A literal is a data value that appears directly in a program. The following are all literals:

12               // The number twelve
1.2              // The number one point two
"hello world"    // A string of text
'Hi'             // Another string
true             // A Boolean value
false            // The other Boolean value
null             // Absence of an object

Complete details on numeric and string literals appear in Chapter 2.

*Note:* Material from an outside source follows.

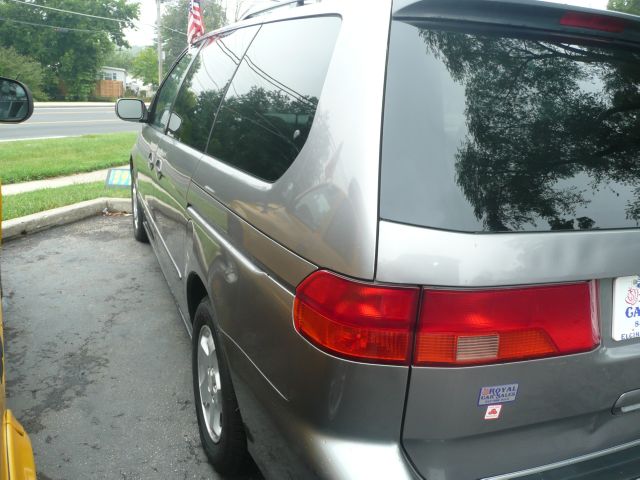 2000 Honda Odyssey Open-top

1.4 Identifiers and Reserved Words

An identifier is simply a name. In JavaScript, identifiers are used to name constants, variables, functions and classes and to provide labels for certain loops in JavaScript code. A JavaScript identifier must begin with a letter, an underscore (_), or a dollar sign ($). Subsequent characters can be letters, digits, underscores, or dollar signs. (Digits are not allowed as the first character so that JavaScript can easily distinguish identifiers from numbers.) These are all legal identifiers:

i
my_variable_name
v13
_dummy
$str

Like any language, JavaScript reserves certain identifiers for use by the language itself. These “reserved words” cannot be used as regular identifiers. They are listed below.

1.4.1 Reserved Words

JavaScript uses the following words as part of the language itself. Many of these (such as if, while and for) are reserved keywords that may not be used as the names of constants, variables, functions or classes (though they can all be used as the names of properties within an object). Others (such as from, of, get and set) are used in limited contexts with no syntactic ambiguity and are perfectly legal as identifiers. Still other keywords (such as let) can’t be fully reserved in order to retain backward compatibility with older programs, and so there are complex rules that govern when they can be used as identifiers and when they cannot. (let can be used as a variable name if declared with var outside of a class, for example, but not if declared inside a class or with const.) The simplest course is to avoid using any of these words as identifiers, except, perhaps for from, set, and target which are safe to use and are already in common use.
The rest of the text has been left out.